In the parable of The Prodigal Son found in Luke’s gospel, the Bible says the young man returned to his father when “he came to himself” (Luke 15:17).  We have all experienced the regret of sinful choices, but sometimes it’s just the regret of getting caught or being in bad circumstances.  When the regret is one that calls our heart to long for God and His forgiveness, we are finally ready to go home.



Hebrews 3:7–19

Therefore, as the Holy Spirit says: “Today, if you will hear His voice, Do not harden your hearts as in the rebellion, In the day of trial in the wilderness, Where your fathers tested Me, tried Me, And saw My works forty years. Therefore I was angry with that generation, And said, ‘They always go astray in their heart, And they have not known My ways.’ So I swore in My wrath, ‘They shall not enter My rest.’ ” Beware, brethren, lest there be in any of you an evil heart of unbelief in departing from the living God; but exhort one another daily, while it is called “Today,” lest any of you be hardened through the deceitfulness of sin. For we have become partakers of Christ if we hold the beginning of our confidence steadfast to the end, while it is said: “Today, if you will hear His voice, Do not harden your hearts as in the rebellion.” For who, having heard, rebelled? Indeed, was it not all who came out of Egypt, led by Moses? Now with whom was He angry forty years? Was it not with those who sinned, whose corpses fell in the wilderness? And to whom did He swear that they would not enter His rest, but to those who did not obey? So we see that they could not enter in because of unbelief.


D I G  D E E P E R

Art: Return of the Prodigal Son, by Rembrandt van Rijn, Holland, Circa 1668

In the Gospel According to Luke (15: 11-32), Christ relates the parable of the prodigal son. A son asks his father for his inheritance and leaves the parental home, only to fritter away all his wealth. Arriving at last at sickness and poverty, he returns to his father’s house.

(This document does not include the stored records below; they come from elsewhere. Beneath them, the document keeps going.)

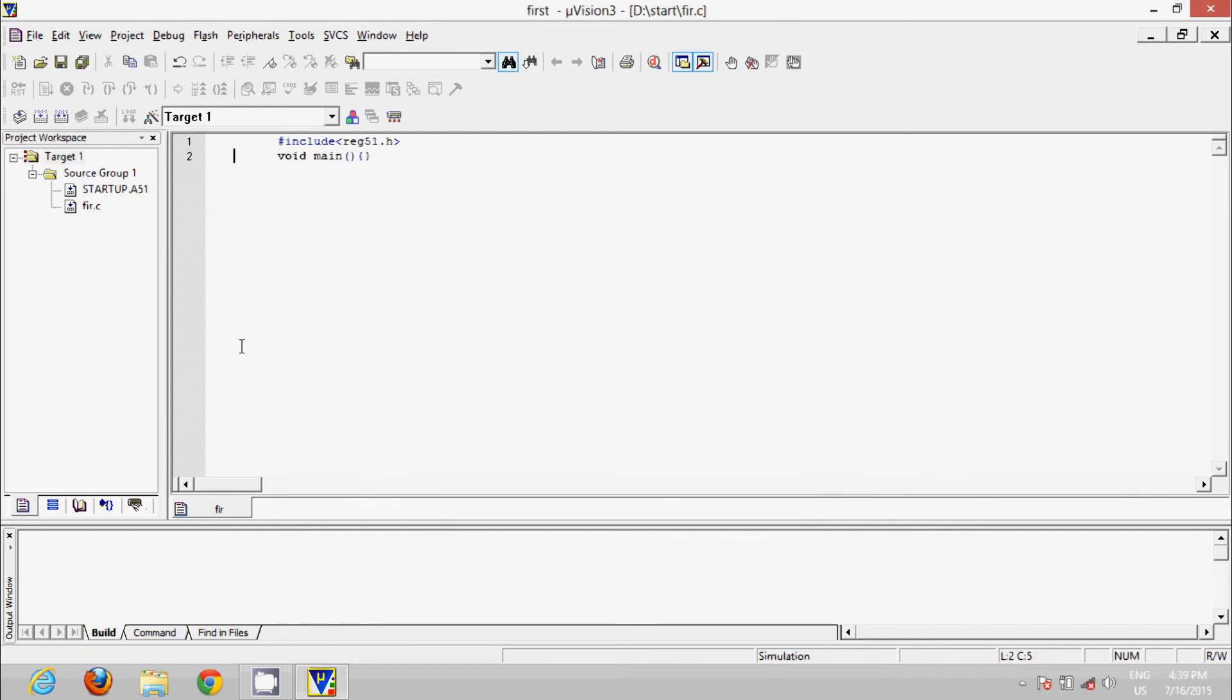Now the fir.c is added. Now you can write whatever your data in void main, that is the main program.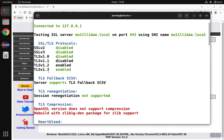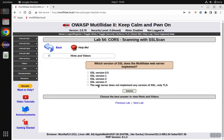Checking the options — TLS 1.1 is also disabled, so the best answer is the web server does not implement any version of SSL, only TLS. We pick that option and that is the correct answer.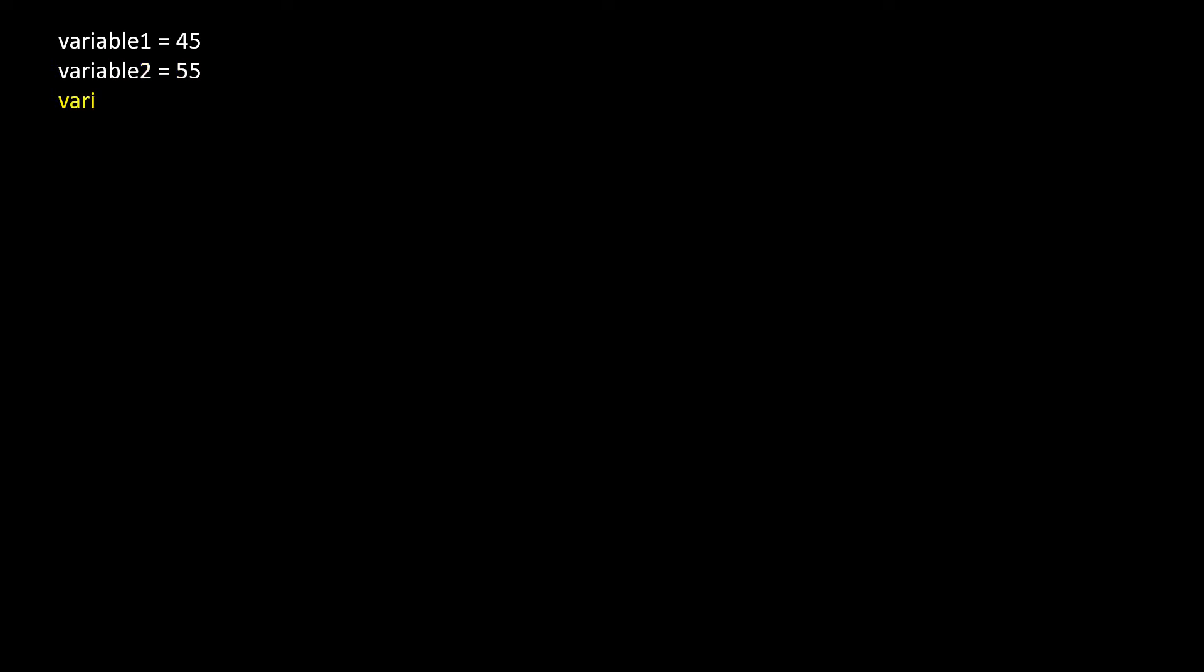Variable 3 and assign 91. Variable 4 and assign 30. Variable 5 and assign 50. Variable 6 and assign 10.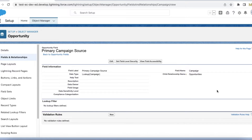In this video we are going to see the Primary Campaign Source field in the Opportunity object. The Primary Campaign Source is a standard opportunity field that is automatically populated when the opportunity is created during the lead conversion.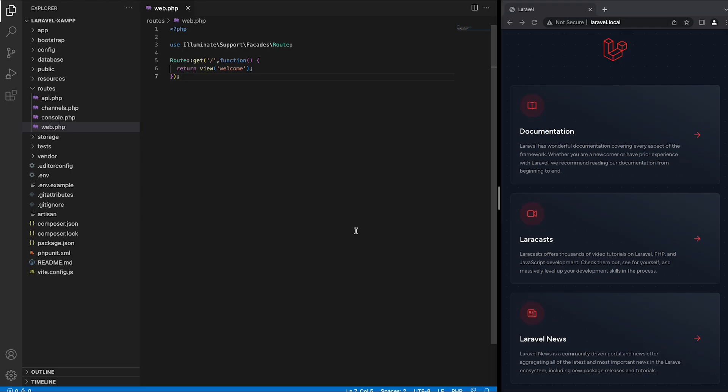Hello everyone and welcome back to my channel. In today's video I'm going to show you what middleware is and how to integrate the middleware concept into our Laravel application.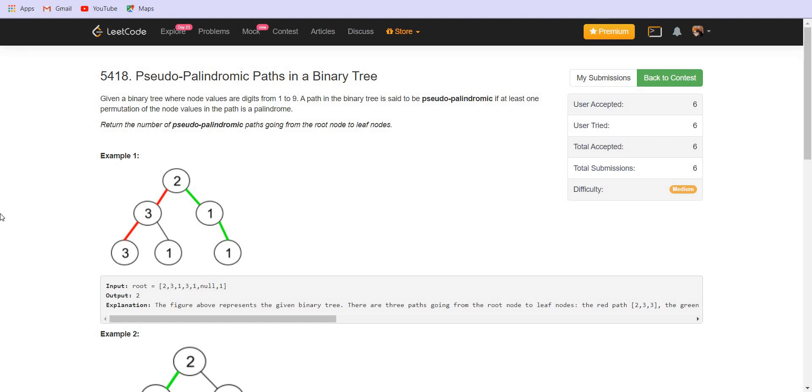Hello everyone. Welcome back to Leadcoding. We are going to solve the problem pseudo-palindromic paths in a binary tree.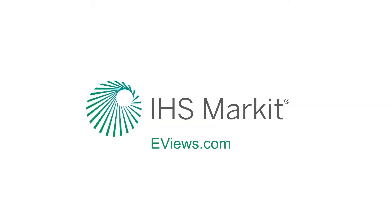This concludes our demonstration of our expanded GARCH suite. For the complete list of our online tutorials, visit eViews.com.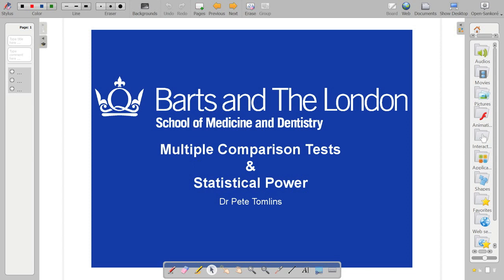So this is the fourth session for most of you. We're going to extend the stuff we did last week to look at multiple comparison tests and statistical power.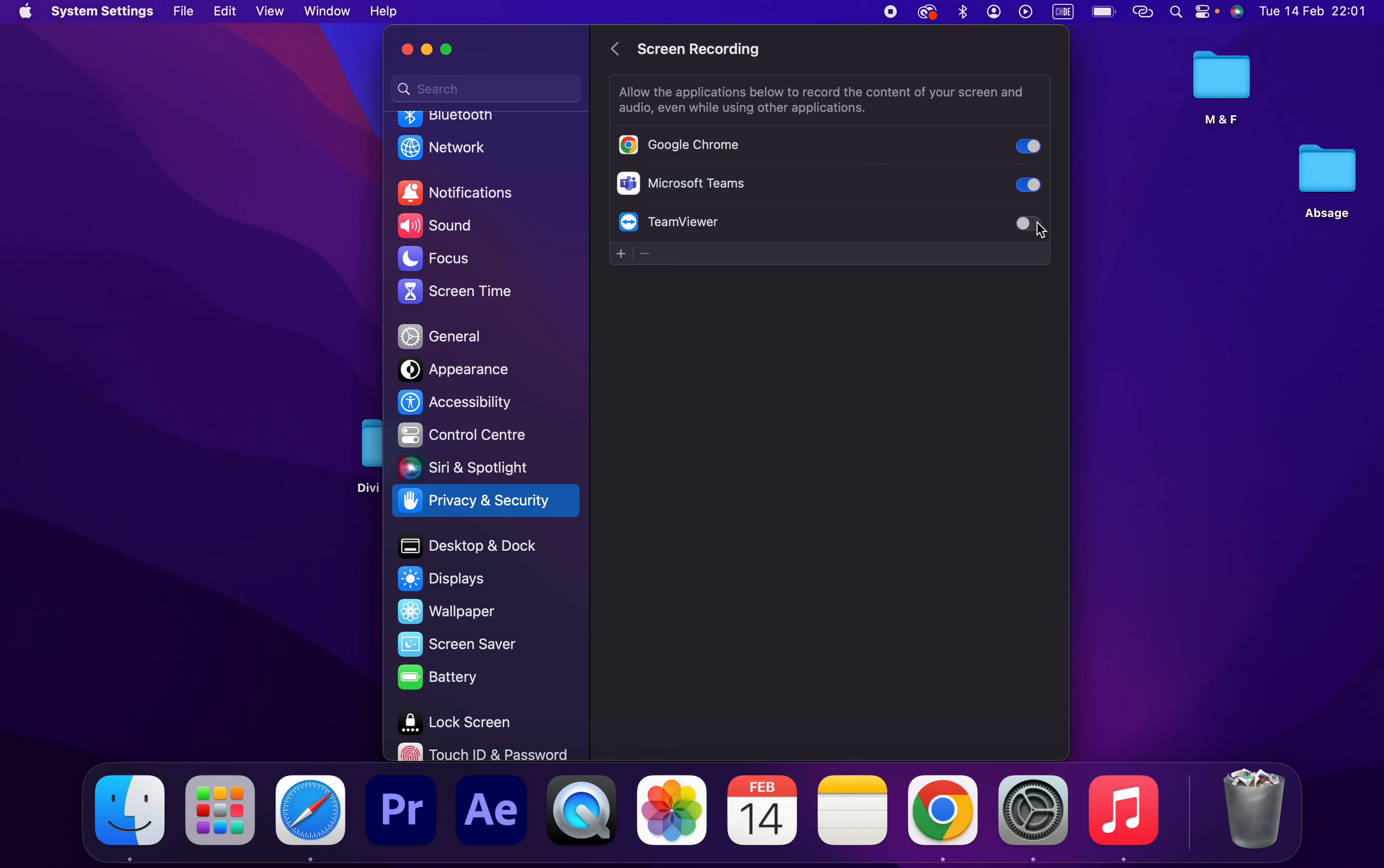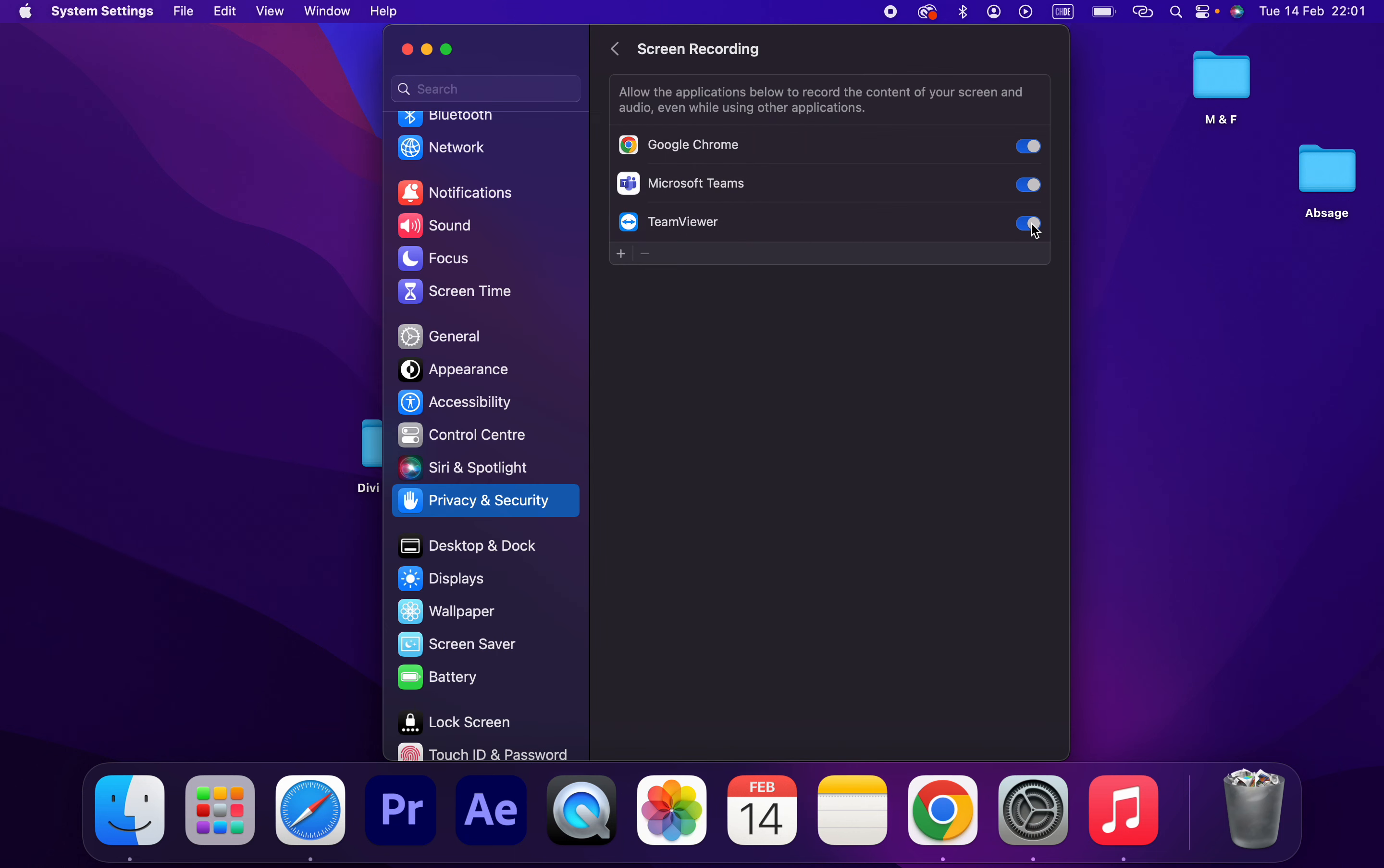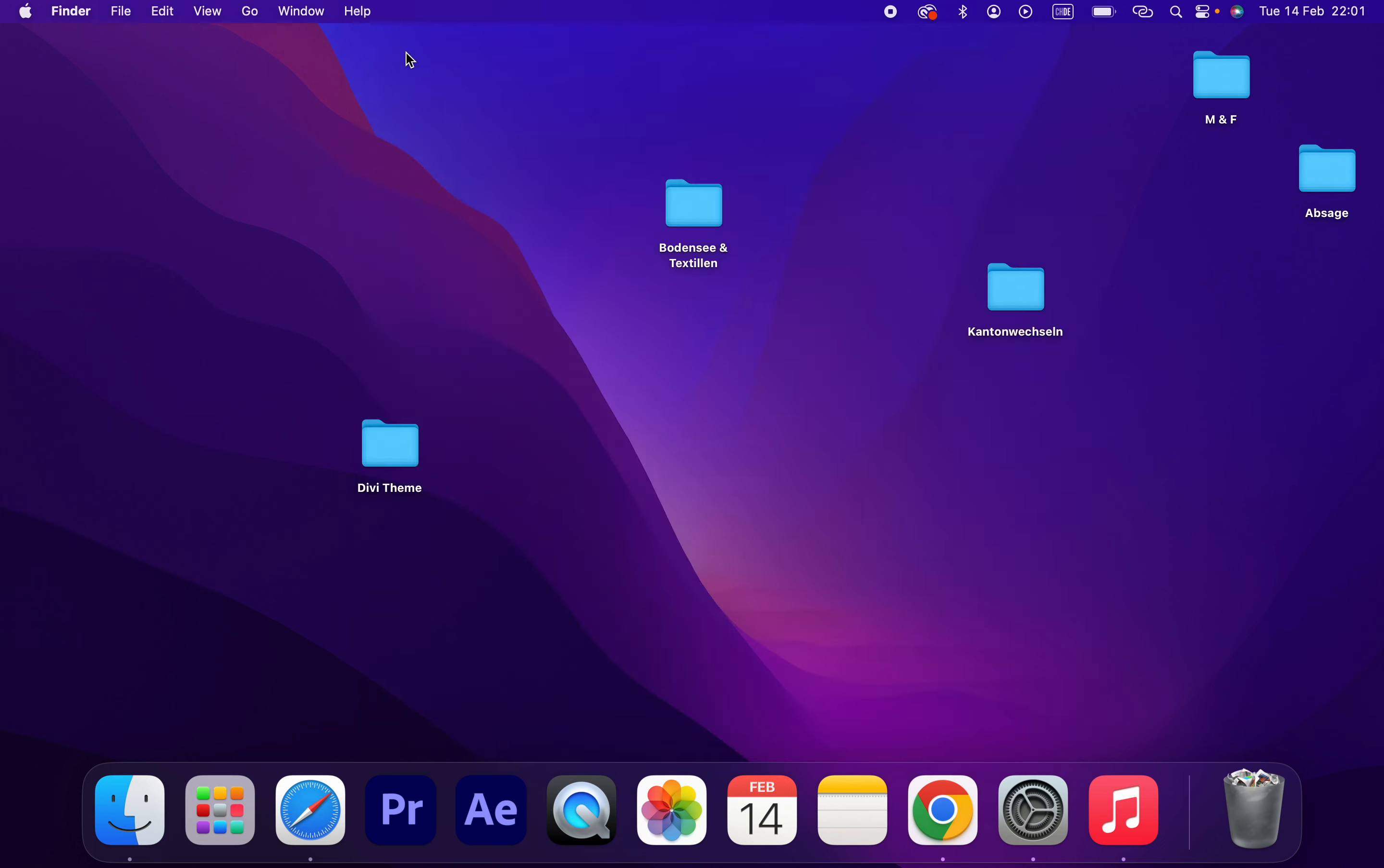TeamViewer - so if you turn it on, TeamViewer can access the screen. That's how you can give TeamViewer full access to your screen. Thank you guys for watching.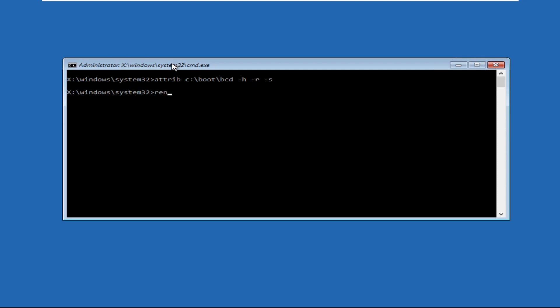Type ren c:\boot\bcd bcd.old and hit Enter to execute the command.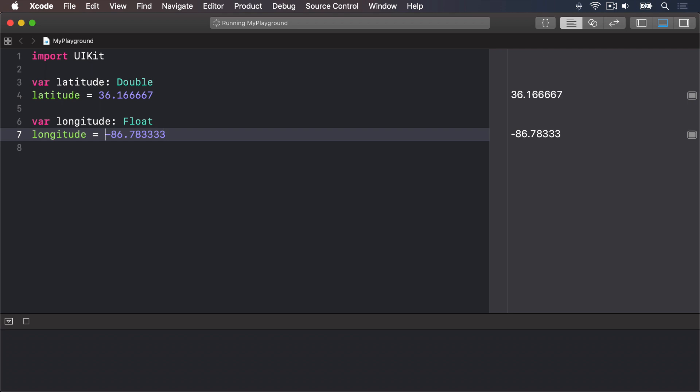We can try things out so you can see exactly how float and double differ. I'm going to modify this float here to have increasing numbers before the decimal point. So right now it's in the results pane minus 86.78333. I'll modify this to be minus 186 and it'll build and run again and see we lose a 3 on the right hand side. It's now 7833.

The old man is blinded by tears as he forgives his son, just as God forgives all those who repent. This whole work is dominated by the idea of the victory of love, goodness and charity. The event is treated as the highest act of human wisdom and spiritual nobility, and it takes place in absolute silence and stillness. The drama and depth of feeling are expressed in the figures of both father and son, with all the emotional precision with which Rembrandt was endowed. The broad, sketchy brushstrokes of the artist’s late style accentuate the emotion and intensity of this masterly painting. This parable in Rembrandt’s treatment is addressed to the heart of everyone: “We should be glad: for this son was dead, and is alive again; and was lost, and is found.”


Literature: HOLY SONNET VII by John Donne. The Complete Poetry and Selected Prose of John Donne. Edited by C. M. Coffin. New York: Modern Library, 1952.

Donne calls on angelic trumpets to summon all of humanity, living and dead, for judgment. But then he reverses himself and says, “Wait! I need time for repentance.” At the end, he suggests, with a touch of irony, that he needs not only the divine gift of God’s own life but also the grace of a repentant heart to reassure him that God truly intends his good.